=== TASK TO CARRY OUT ===
Copy out exactly the lines from the one with "You can choose" through the last line of the listing below, both included, but none of the pictures.

=== RECORDED DATA ===
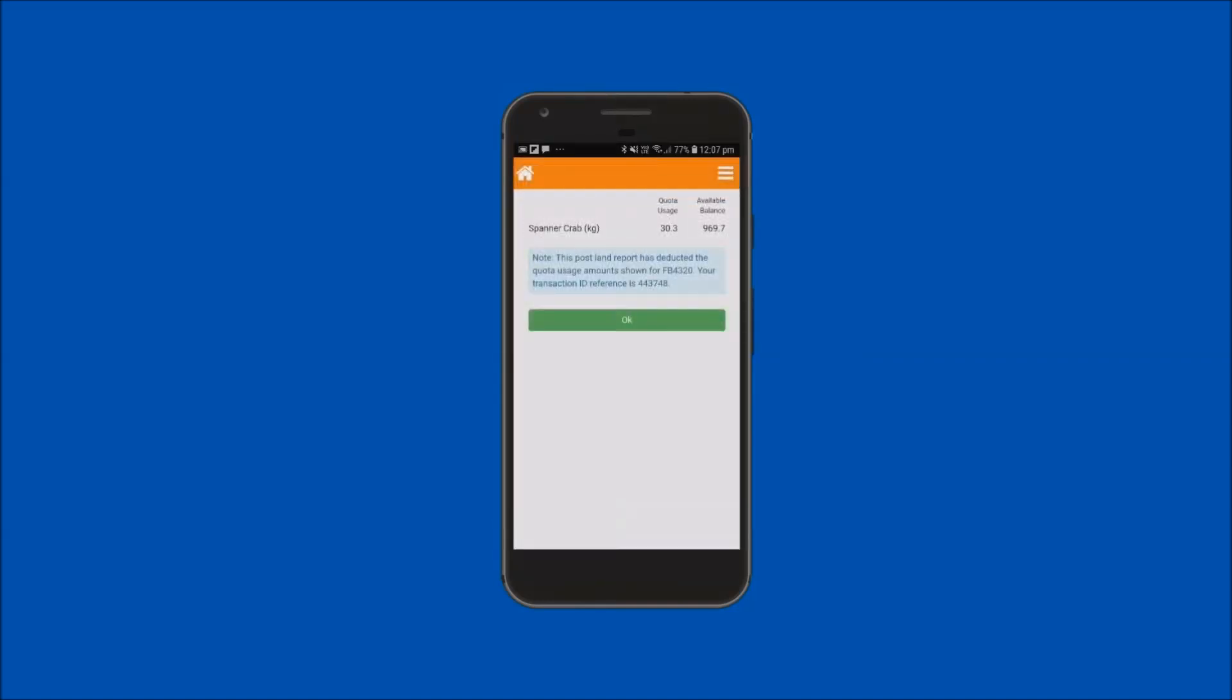A receipt message is displayed stating that your postland report has deducted the quota amounts in kilograms and a transaction ID reference number. Your new available quota balances for each species reported are also displayed. Tap on the OK button to return to the home screen.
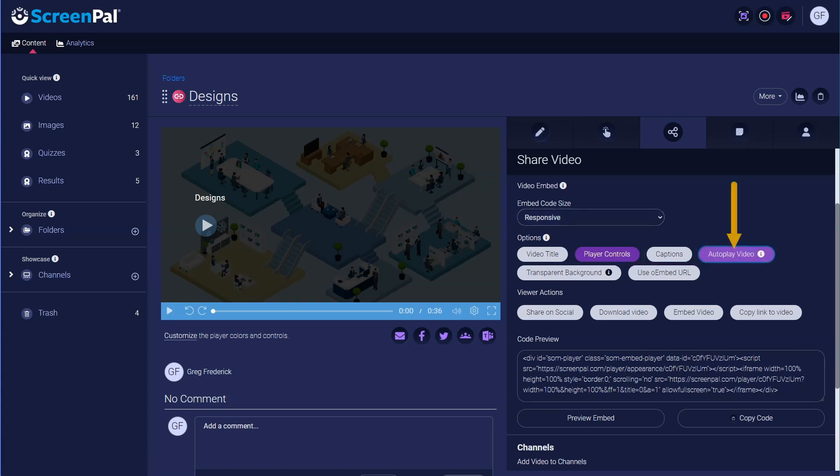You can choose to auto-play the video. By default, the video will have a black background. If you select this option, your background will be made transparent.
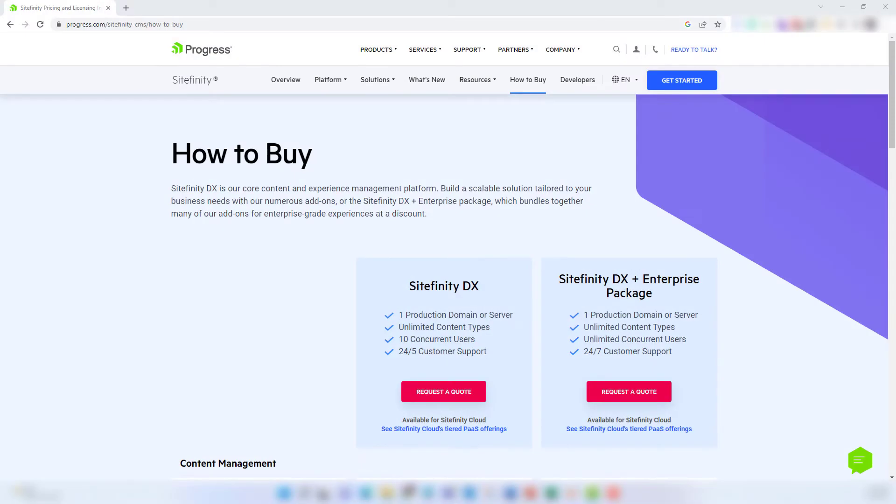Here is the Sitefinity licensing and pricing table that you can find on progress.com. The first option here is Sitefinity DX, which is Progress' core content management platform.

=== TASK OUTPUT ===
You can choose to auto-play the video. By default, the video will have a black background. If you select this option, your background will be made transparent.
Here is the Sitefinity licensing and pricing table that you can find on progress.com. The first option here is Sitefinity DX, which is Progress' core content management platform.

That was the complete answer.